I wanted out. I wanted the stress to end and my life to return to some semblance of normalcy, GPA be damned.
I was lucky enough to have some inexplicable quality in me that limited the impact of the stress on my emotional stability. Platitudes offered in self-help books identify it as mental fortitude or resilience or some other nebulous virtue. Perhaps it was built up in my childhood, or learned during high school while studying for the ACT. Whatever the source, that perception of strength is by no means a way to ameliorate the extensive mental health issues that might have resulted had my situation been only slightly different this semester. Even seemingly without any genetic predispositions to depression, the stress I encountered in the past three months almost brought me to my breaking point.
A few weeks ago, I had dinner with the student I hosted for WesFest last year.
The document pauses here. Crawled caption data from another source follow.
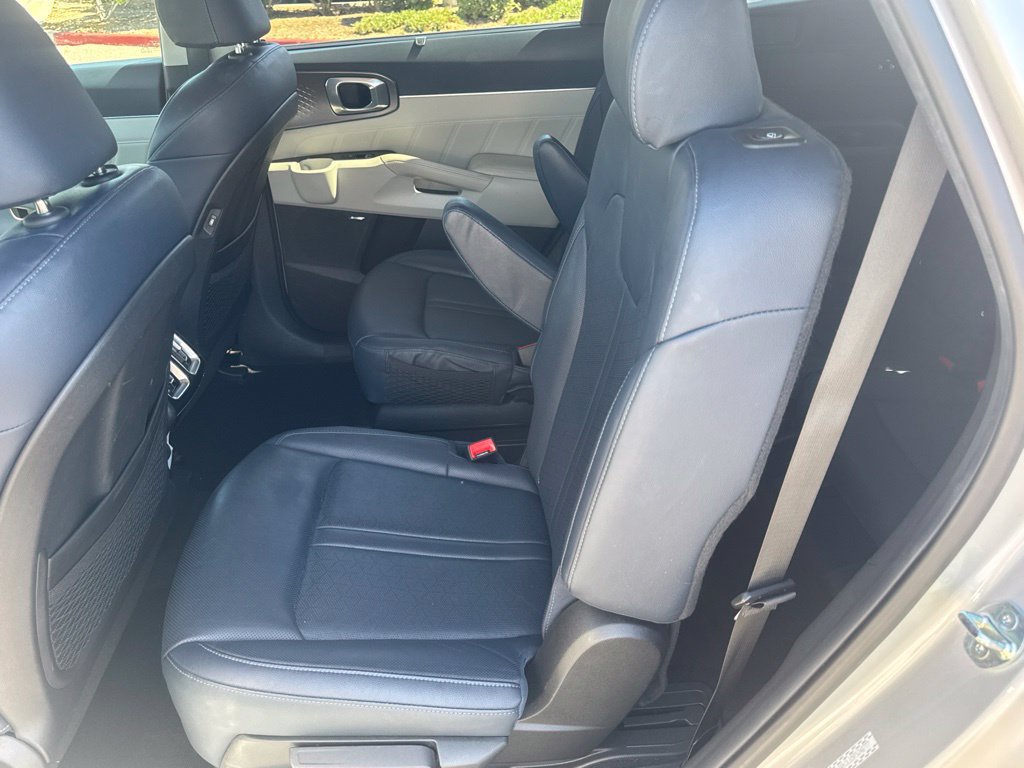 Used 2024 Kia Sorento SX Prestige AWD/4WD image 36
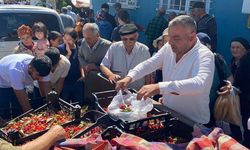 Mecitözü Ziraat Odası vatandaşlara kiraz dagıttı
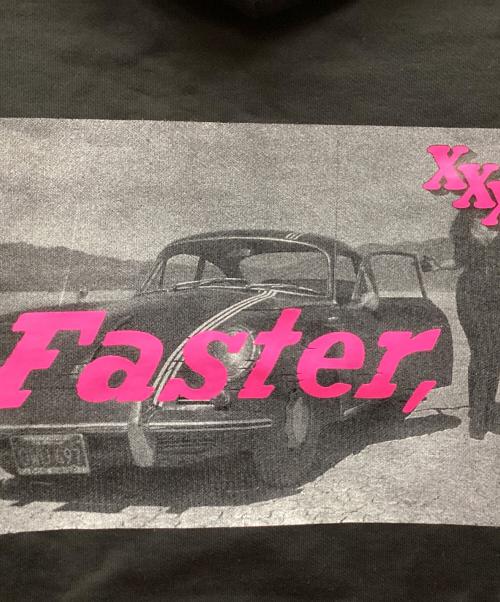 GOD SELECTION XXX（ゴッドセレクショントリプルエックス）GOD SELECTION XXX (ゴッドセレクショントリプルエックス) FASTER HOODIE プリントパーカー ブラック サイズ:S 未使用品の古着・服飾アイテム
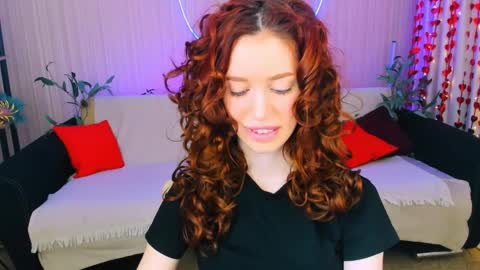 christinaconteeree online show from March 30, 2026, 3:40 am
His first year was by all accounts a success: He has a large group of friends, has settled on his majors (for the time being), and has a thriving Instagram account. He seems happy and full of resolve. Still, much of our conversation centered on understanding how I was able to take more than six credits in a semester. Surely I had some novel study strategies or time management tools that allowed for this feat.
I didn’t give him an inch. It took me almost eight weeks of classes and near misses with substance dependence and panic attacks to realize that no one should undertake such a burden at this point in their lives. “Don’t even try,” I told him.
Ayres is a member of the class of 2017.